This directory contains the materials needed to construct a blast workflow. However, you will first need to install the blast software and a suitable database before you can run the makeflow.
If you have not done so already, please clone this example repository like so:
git clone https://github.com/cooperative-computing-lab/makeflow-examples.git
cd ./makeflow-examples/blast
First, obtain a blast binary suitable for your architecture. (about 30MB)
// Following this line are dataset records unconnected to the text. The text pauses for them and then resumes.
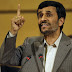 What's With Mahmoud Ahmadinejad?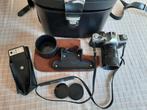 Canon camera AV-1 incl. lens, Audio, Tv en Foto, Ophalen, Canon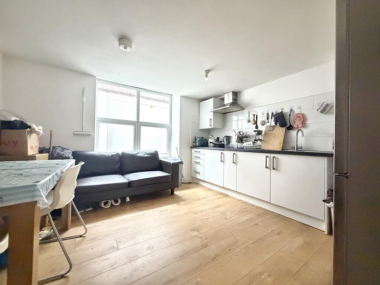 Coombe Rd, Brighton and Hove, Brighton BN2 4EE, UK
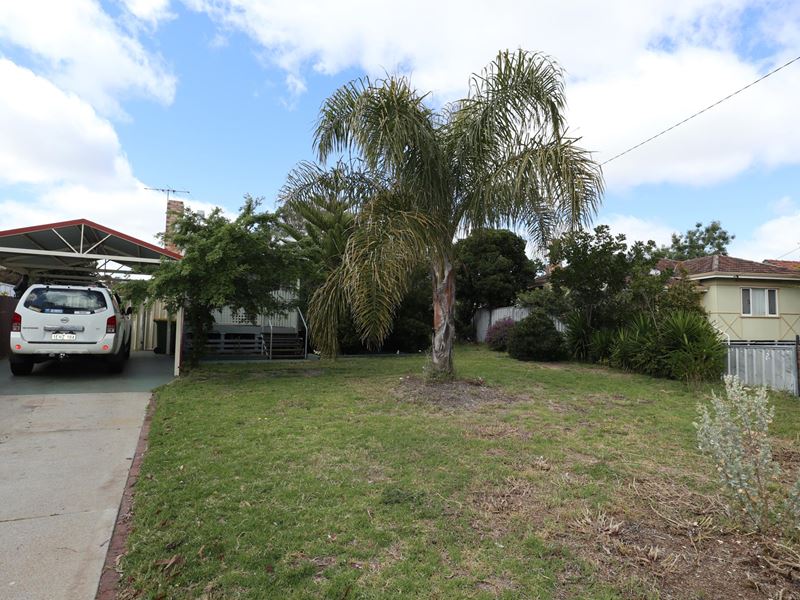5 Ashworth Crescent, Narrogin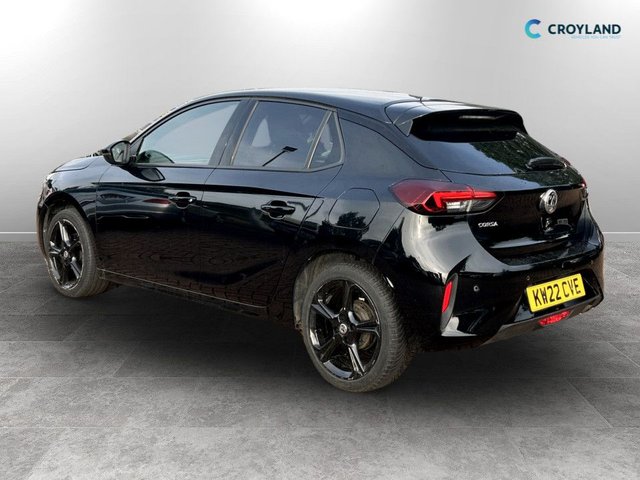 View our VAUXHALL CORSA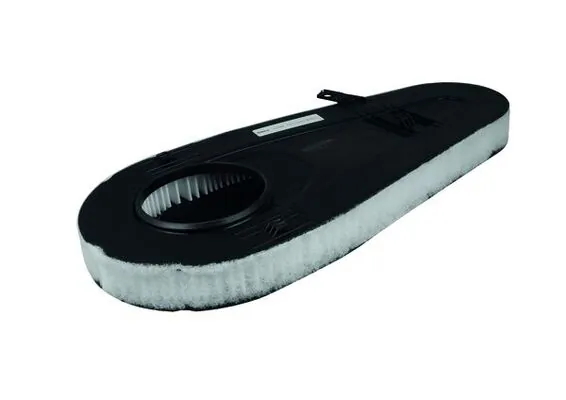 LX3598 Mahle Original Filtr powietrza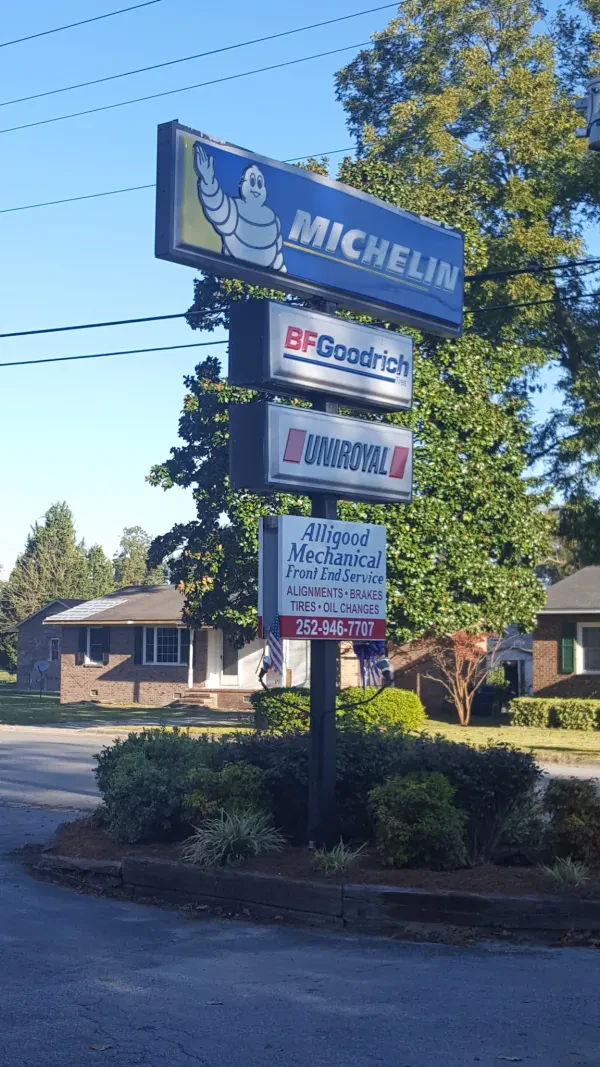 Alligood Mechanical Services - photo 2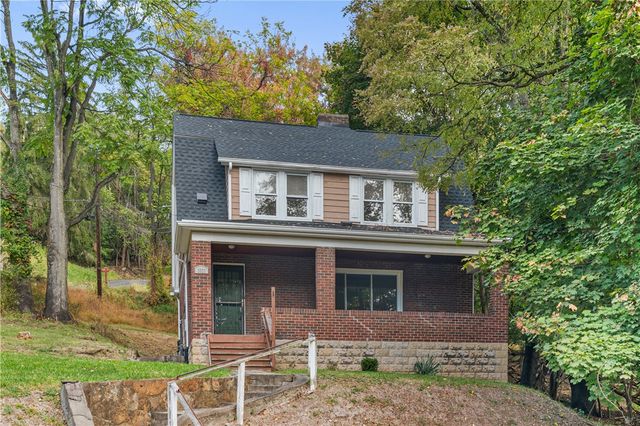 8527 Westwood Rd, Penn Hills, PA 15235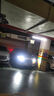猛道適用13-19款本田凌派LED大燈遠(yuǎn)光近光9005H11霧燈改裝激光車燈泡 22款 凌派【近光燈】2只 進(jìn)口大燈芯片高亮款 曬單實拍圖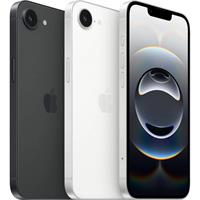 Apple iPhone 16e 256GB Black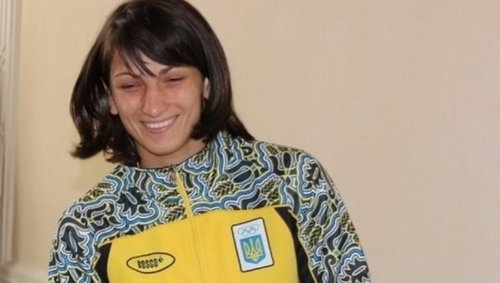 Украинка Юлия Ткач выиграла чемпионат мира по вольной борьбе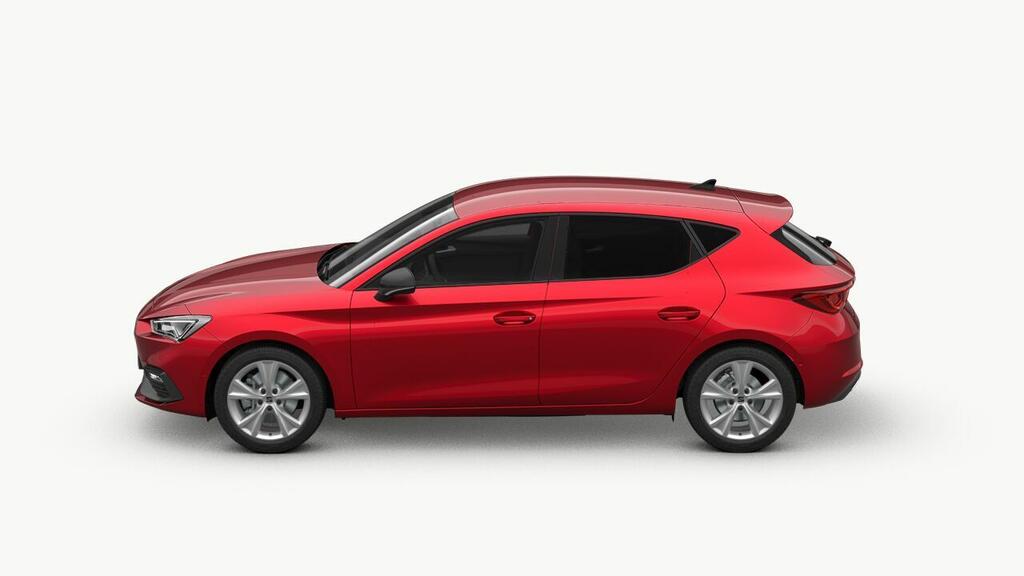 Seat Leon 1.5 TSI 110kW S&S FR Special Edition 2
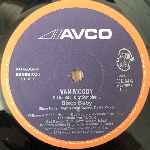 Van McCoy & The Soul City Symphony  Disco Baby  (LP, Album)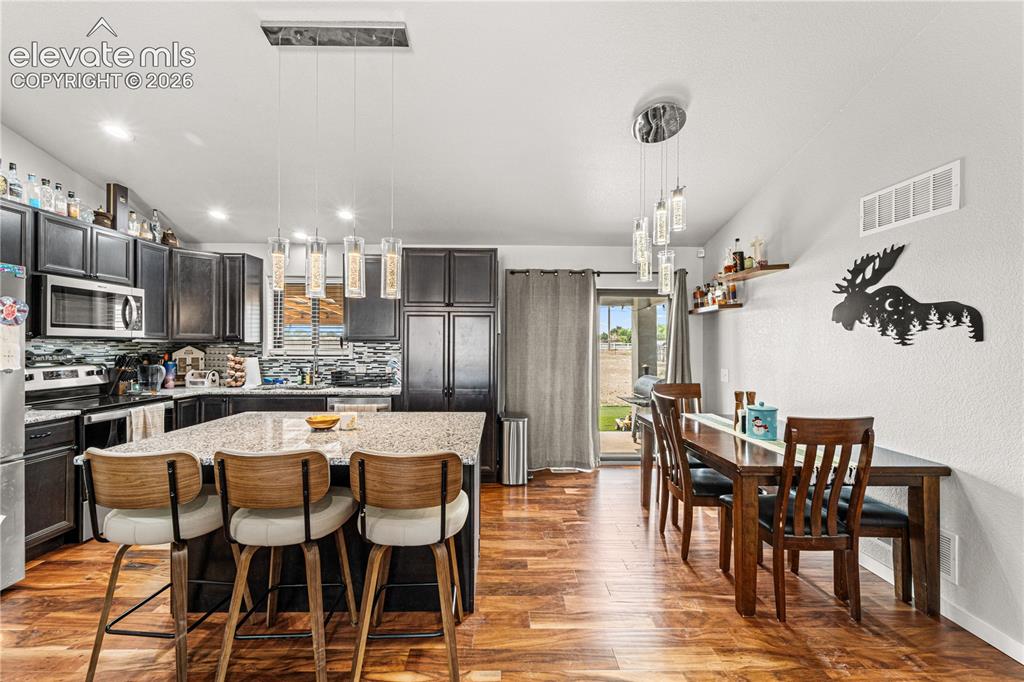 561 N Limon Drive Pueblo West CO 81007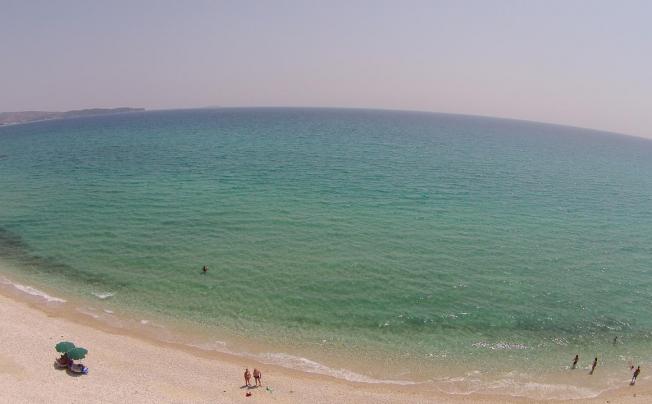 Фото отеля Grand Beach Hotel 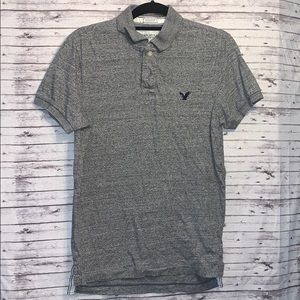 💥3/$15 American eagle polo
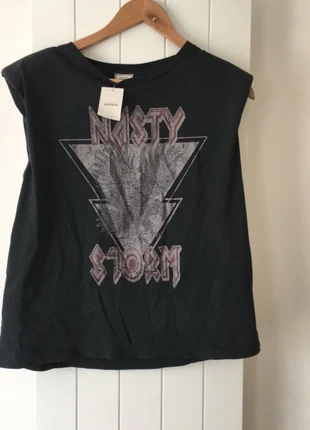 Tee-shirts , brand: Pimkie, condition: New with tags, size: S / 36 / 8, €3.00, €3.85 includes Buyer Protection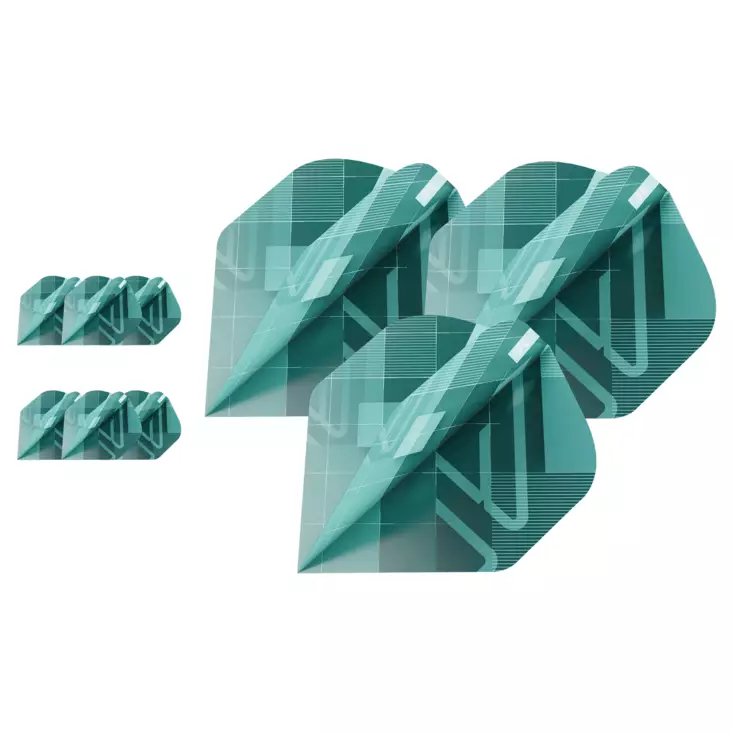 Target Rove Pro Ultra NO.2 Tikkasulat | 3 settiä - Dartstikan irtosulat - 330860 - 1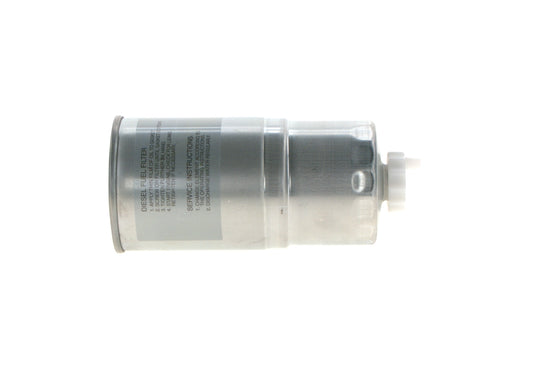 BOSCH 1 457 434 293 Filtru combustibil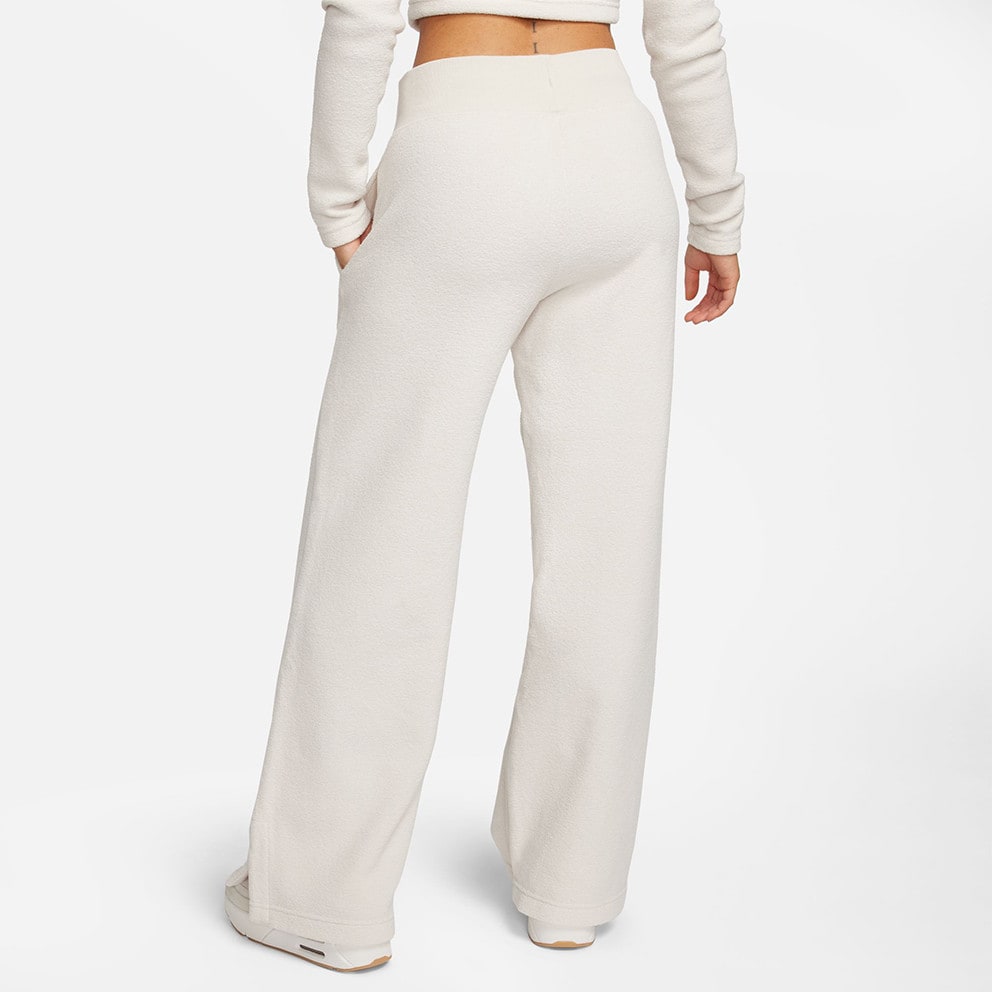 Nike Sportswear Phoenix Plush Women's Trackpants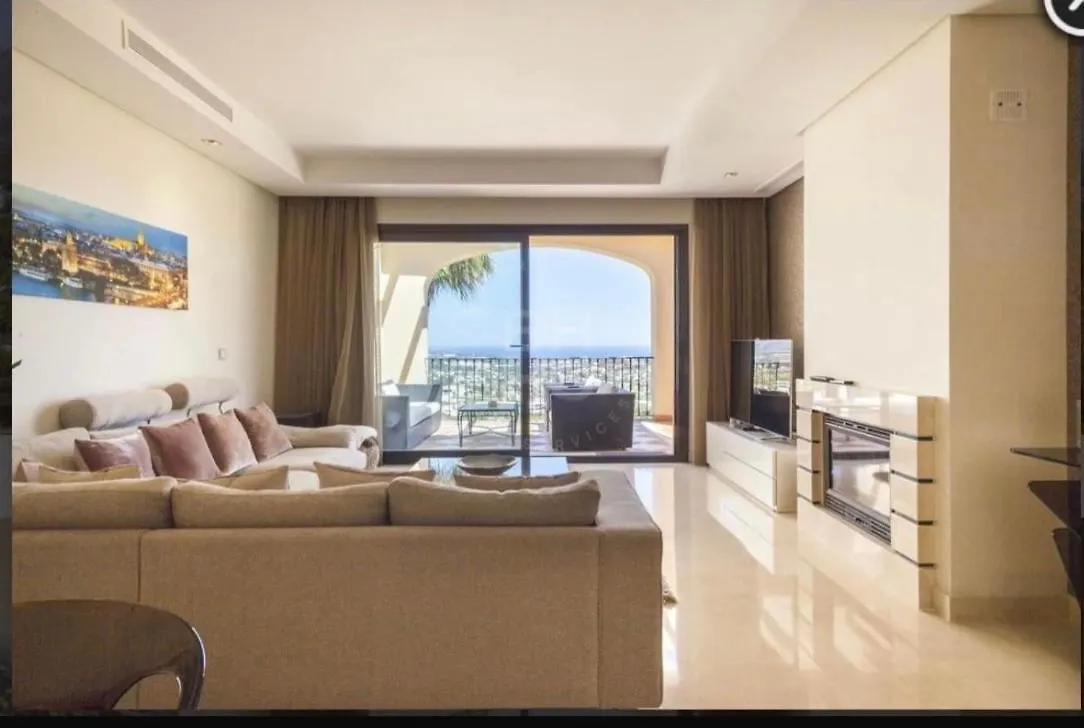 La Quinta Sanaa Appartement Benahavís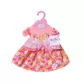 Одежда Для Куклы Baby Born - Праздничное Платье 2 в ассортименте - 824559_8.jpg - № 8
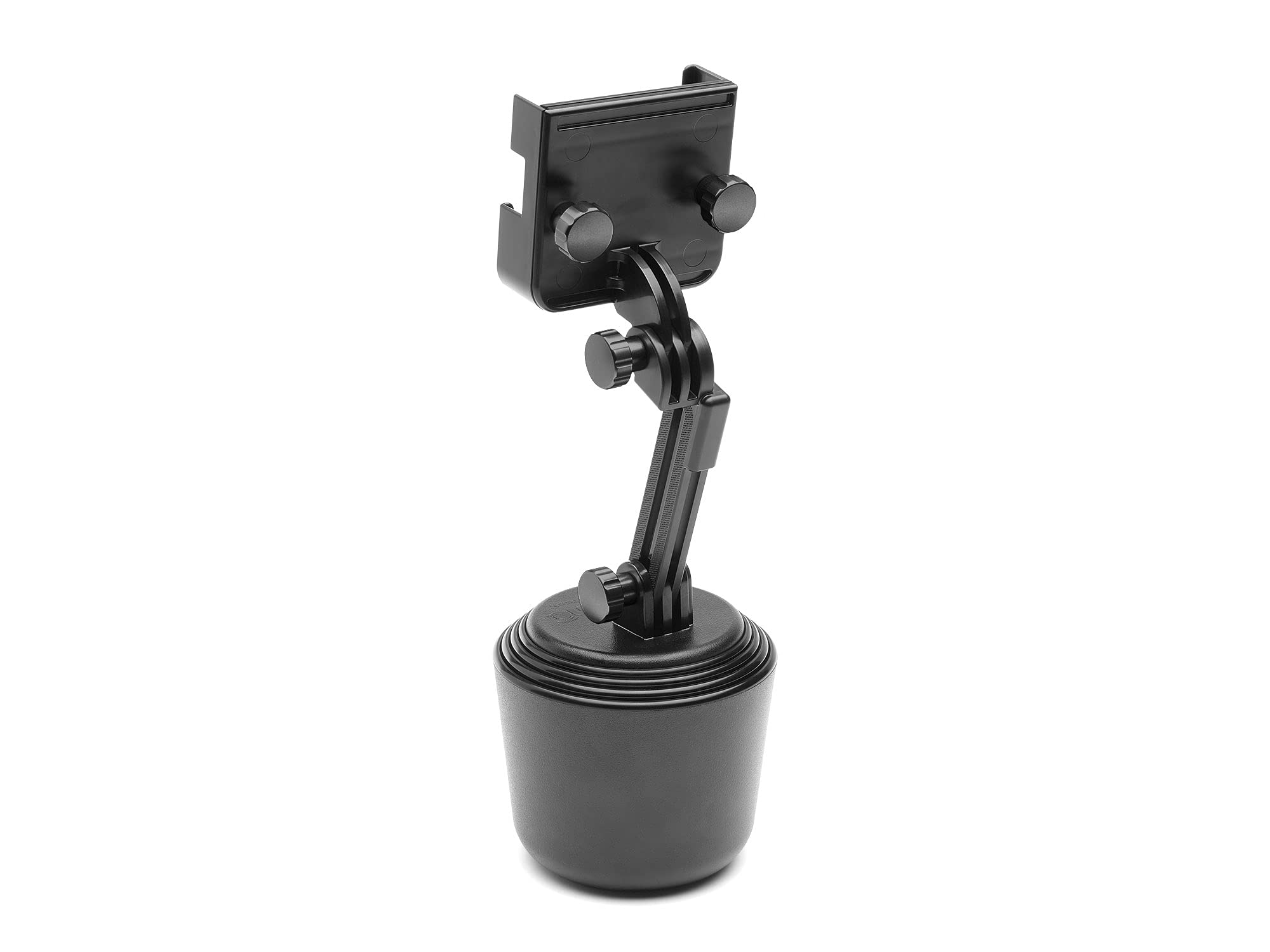 Soporte Para Teléfono Weathertech Cupfone Two View Con Extensión - Venta Internacional.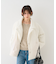 【一部店舗限定】コクーンミドルダウンジャケット / コート
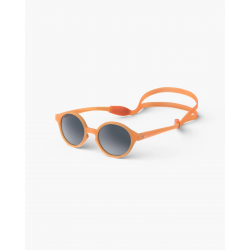 Lunettes de soleil Kids 9-36 mois (D) | Orange smash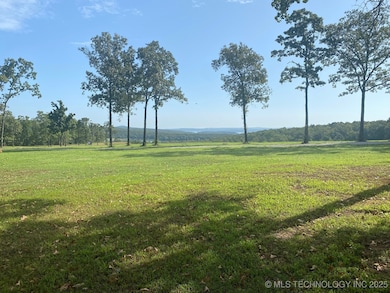 15818 W Forest Rd, Park Hill, OK 74451 - photo 3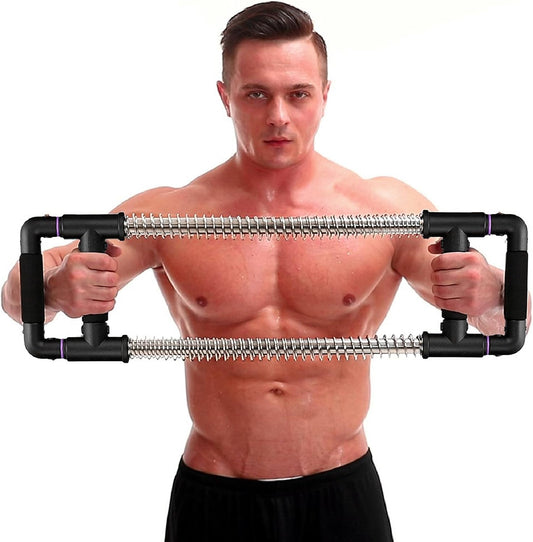 Athlevo PowerPush down Bar Machine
wget ftp://ftp.ncbi.nlm.nih.gov/blast/executables/legacy.NOTSUPPORTED/2.2.26/blast-2.2.26-x64-linux.tar.gz
tar xvzf blast-2.2.26-x64-linux.tar.gz
Next, copy the main executable into the working directory.
cp blast-2.2.26/bin/blastall .
Obtain a nucleotide database suitable for searching. (about 400MB)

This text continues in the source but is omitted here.